Tax Payers Checklist
Failure to file penalty
IRS calculate the Failure to File penalty in this way:
The Failure to File penalty is 5% of the unpaid taxes for each month or part of a month that a tax return is late. The penalty won't exceed 25% of your unpaid taxes.
If both a Failure to File and a Failure to Pay penalty are applied in the same month, the Failure to File penalty is reduced by the amount of the Failure to Pay penalty for that month, for a combined penalty of 5% for each month or part of a month that your return was late.
If after 5 months you still haven't paid, the Failure to File penalty will max out, but the Failure to Pay penalty continues until the tax is paid, up to its maximum of 25% of the unpaid tax as of the due date.
If the return is more than 60 days late, the minimum Failure to File penalty is the amount shown below or 100% of the underpayment, whichever is less:
Return Due Date (without extension) Minimum Amount
On or before 12/31/2008 $100.00
Between 01/01/2009 and 12/31/2015 $135.00
Between 01/01/2016 and 12/31/2017 $205.00
Between 01/01/2018 and 12/31/2019 $210.00
Between 01/01/2020 and 12/31/2022 $435.00
Between 01/01/2023 and 12/31/2023 $450.00
After 12/31/2023 $485.00
FINCEN: BOI Information for Business Owners
The new reporting requirements under the Corporate Transparency Act for all corporations, limited liability companies and other businesses, will begin in 2024.

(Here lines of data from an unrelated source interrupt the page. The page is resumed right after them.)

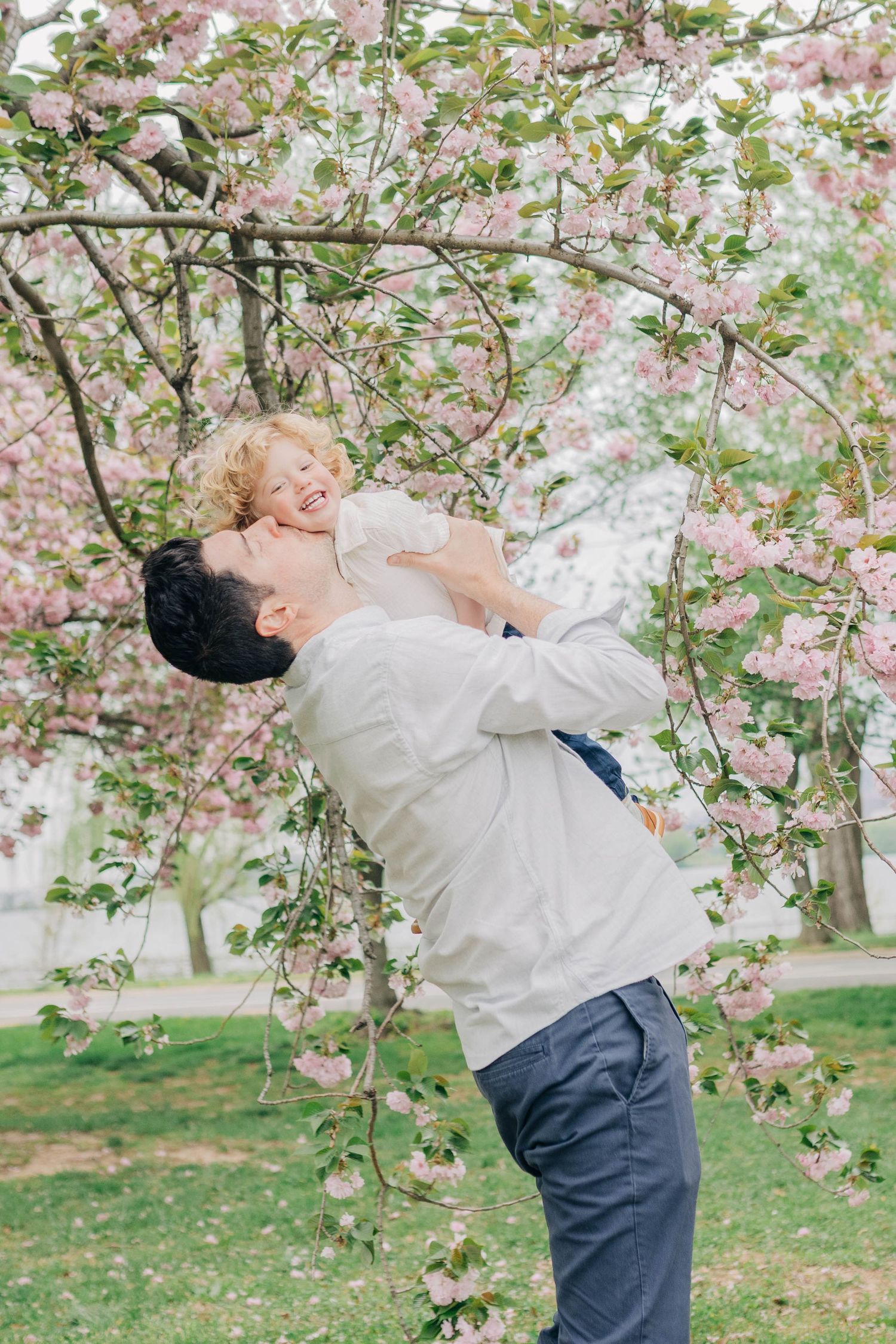 A child in white sweater and navy pants plays under blooming pink cherry blossom trees in springtime.
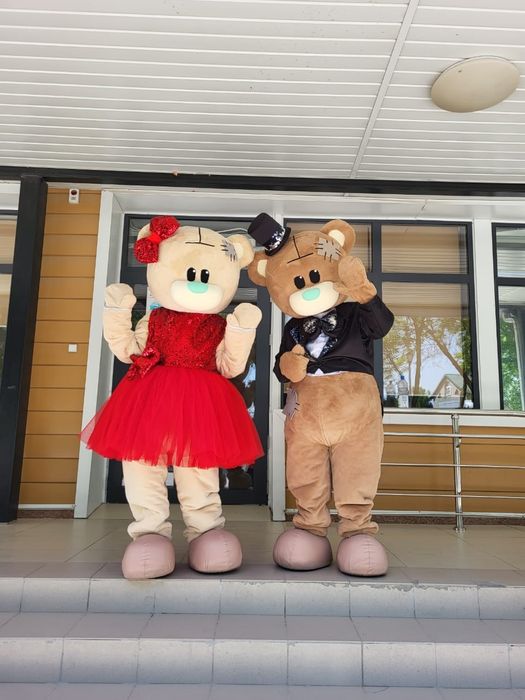 Аниматоры мишка тедди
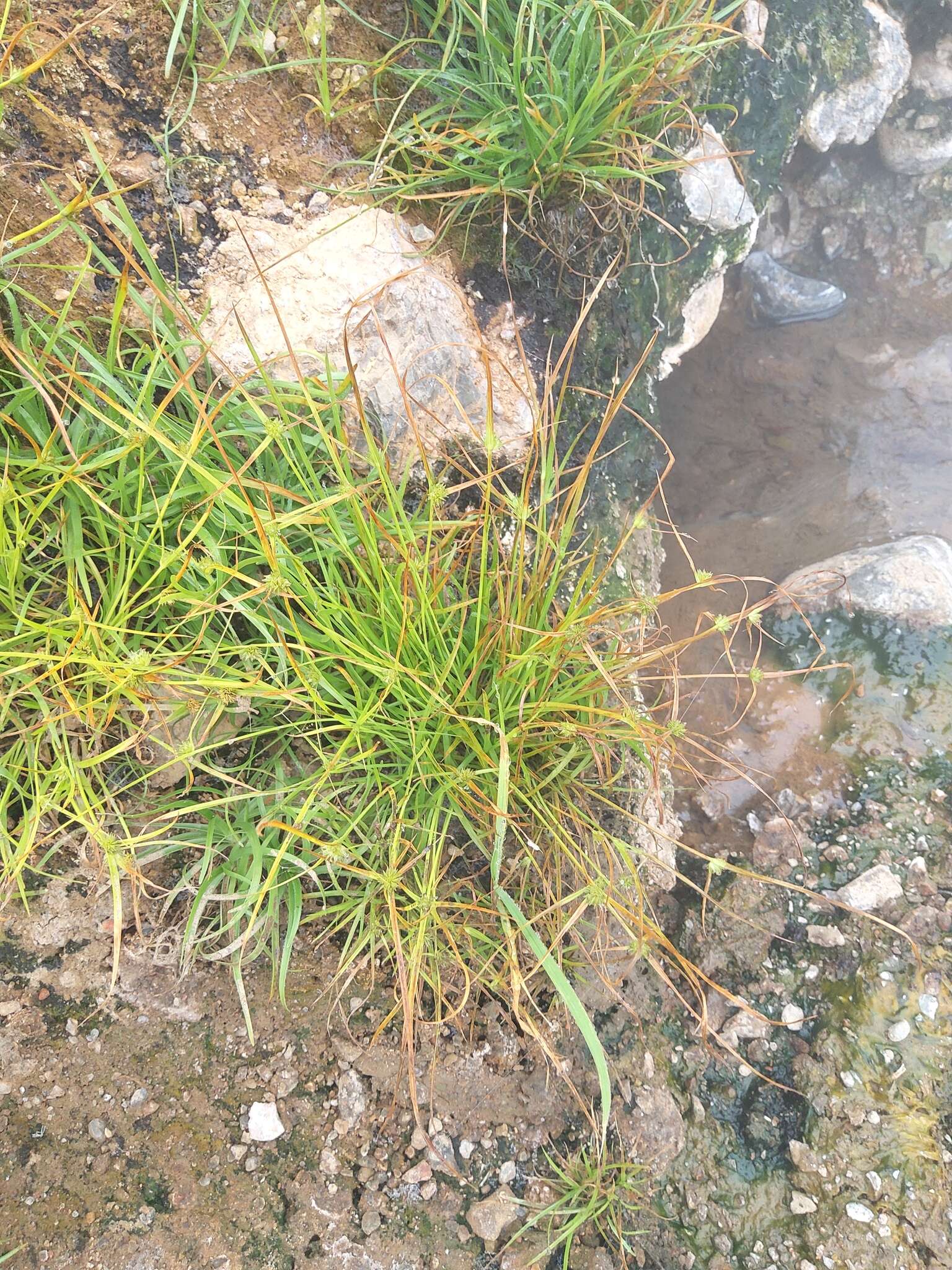 Image of Cyperus kamtschaticus (Meinsh.) Yonek.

Beginning January 1, 2024, reporting companies will be required to file a beneficial ownership information report with FinCEN. Reporting companies that were in existence as of January 1, 2024, must file their initial report by January 1, 2025. New companies that are formed on or after January 1, 2024 must complete and file their initial report within 30 days after they were created or registered.
After filing their initial report, a reporting company will only need to file another beneficial ownership report when they need to report changes to their initial report. The company must report any changes within 30 days of when they become aware of a change or has reason to know of an inaccuracy of information in their earlier report.

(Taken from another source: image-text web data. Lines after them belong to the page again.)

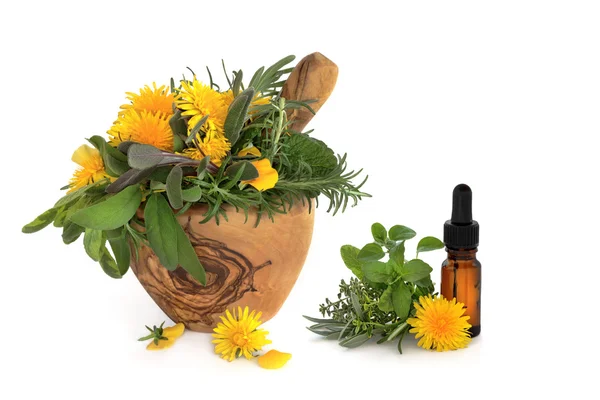 Terapia con hierbas y flores silvestres —  Fotos de Stock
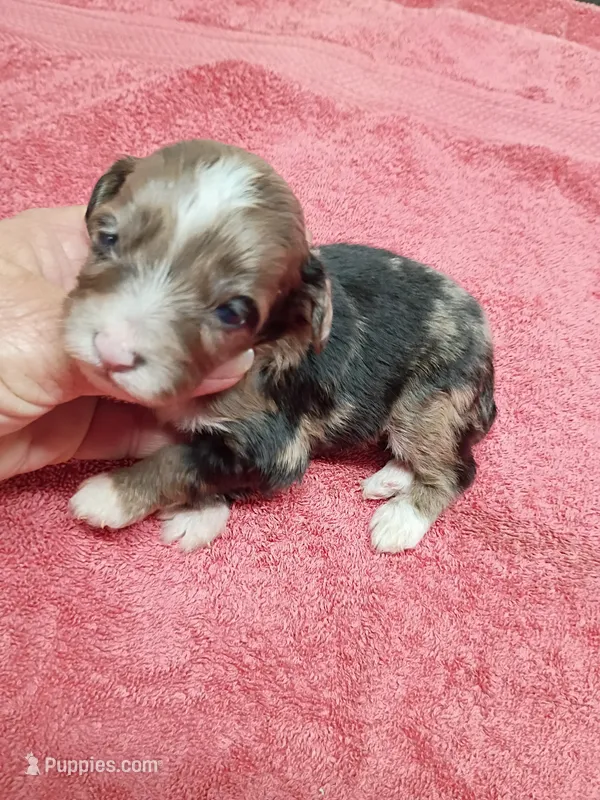 Toy Aussie Doodle girl – Miniature Aussiedoodle puppy for sale in Spraggs, PA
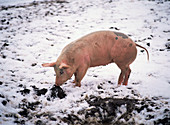 Pig in snow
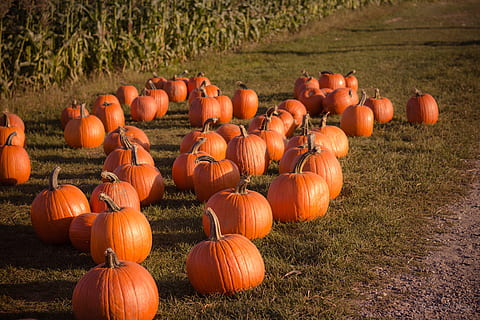 photography, pumpkins, ground, daytime, bunch, green, gras, orange, green grass, pumpkin, autumn, halloween, orange Color, agriculture, vegetable, farm, pumpkin Patch, crop, october, season, nature, outdoors, rural Scene, hay, field, gourd, harvesting, no People, thanksgiving, food, plant, food and drink, celebration, land, grass, large group of objects, landscape, healthy eating, day, jack o' lantern, organic, 5K, CC0, public domain, royalty free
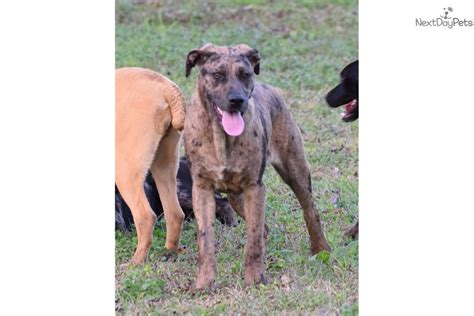 Obedience and agility training will also mentally stimulate your dog. Yellow: Catahoula Leopard Dog puppy for sale near Dothan ...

What Companies Are Affected by the Corporate Transparency Act?
A reporting company is defined as a corporation, limited liability company (LLC), a limited partnership, limited liability partnership, any entity created by the filing of a document with the secretary of state or similar office under the law of a state or Indian tribe or formed under the laws of a foreign country and registered to do business in the United States.

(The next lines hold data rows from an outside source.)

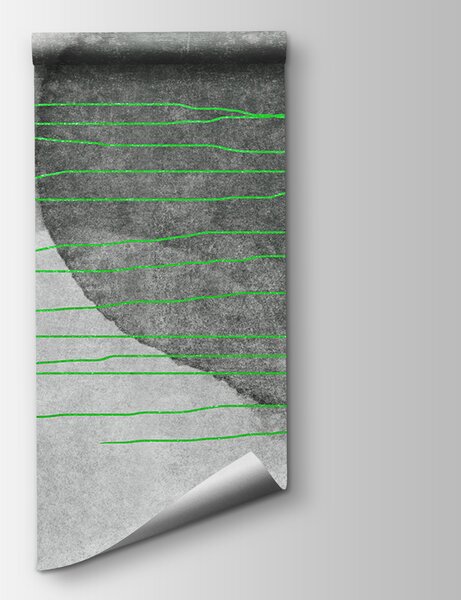 Fototapeta Šedé a bílé pozadí se zelenými linkami, Designové fototapety na zeď, Populární fototapety, u78579v3 - Tapeko.co.cz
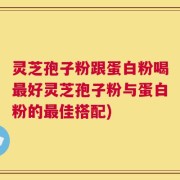 灵芝孢子粉跟蛋白粉喝最好灵芝孢子粉与蛋白粉的最佳搭配)
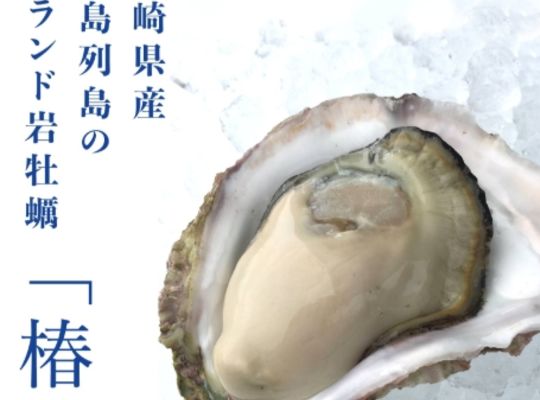 岩ガキ椿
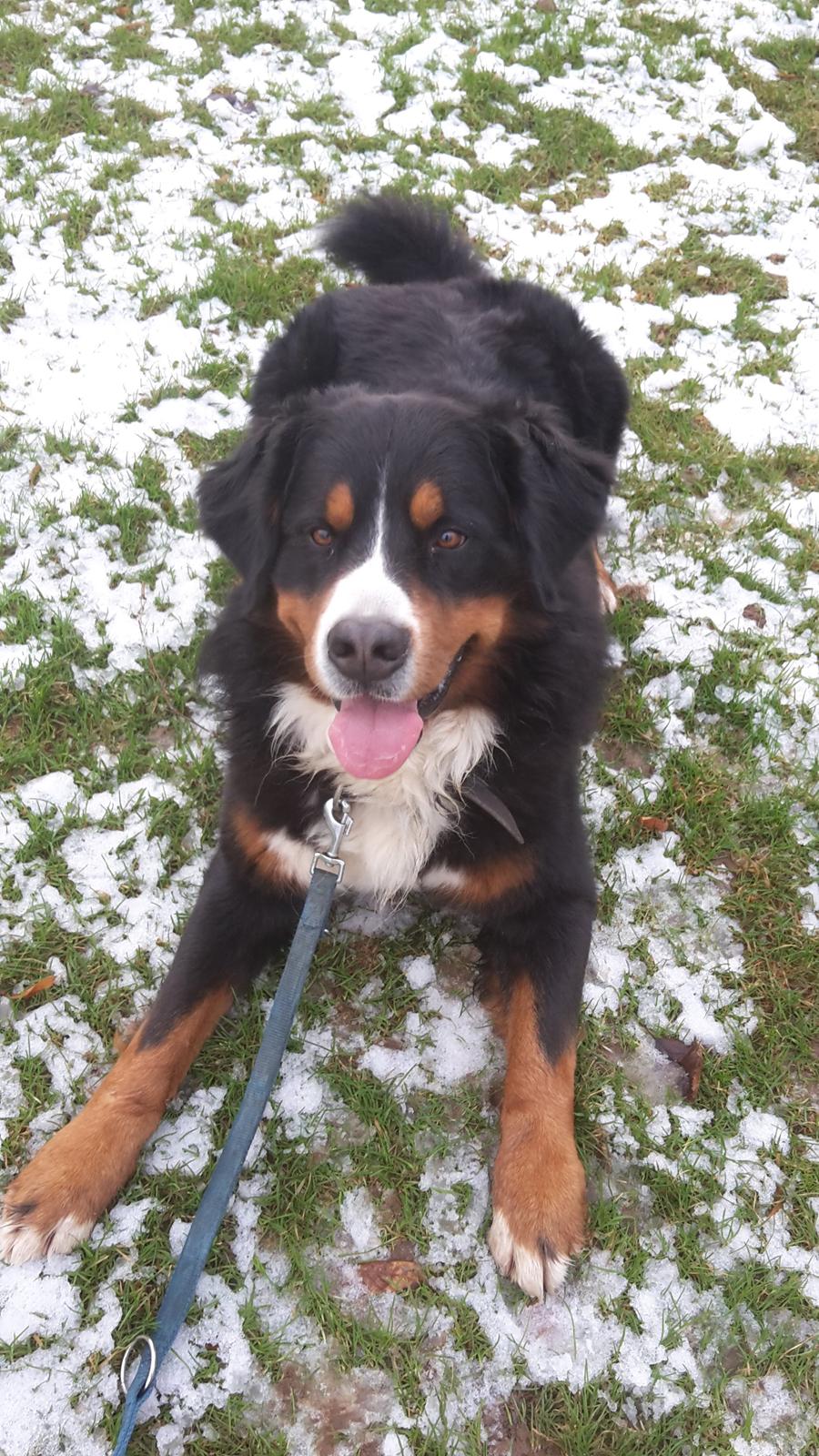 Berner sennenhund Balou billede 22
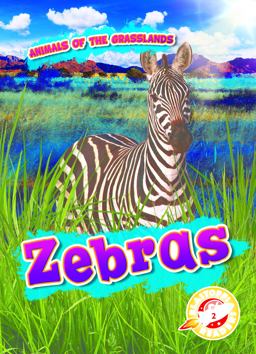 Zebras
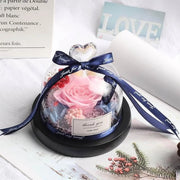 Valentine's Day Christmas Dried Flowers Wedding Gifts Dried Flowers Eternal Real Rose Home Decoration With LED In Glass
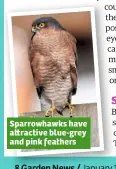  ??  ?? Sparrowhaw­ks have a ractive blue-grey and pink feathers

This Act does not apply to sole proprietorships or general partnerships.
What Type of Information Must Be Reported?
When filing a Beneficial Ownership Report with FinCEN, the reporting company must report the following information:
Company identifying information such as:
• Legal name of the entity
• Address
• Jurisdiction in which it was first formed and registered in
• Tax identification number
Identifying information on beneficial owners (the individuals who ultimately own or control the company) such as:
• Name
• Birth date
• Address
• ID number from their passport or driver’s license
• Image of document with ID
Violation of BOI Reporting
As specified in the Corporate Transparency Act, a person who willfully violates the BOI reporting requirements may be subject to civil penalties of up to $500 for each day that the violation continues.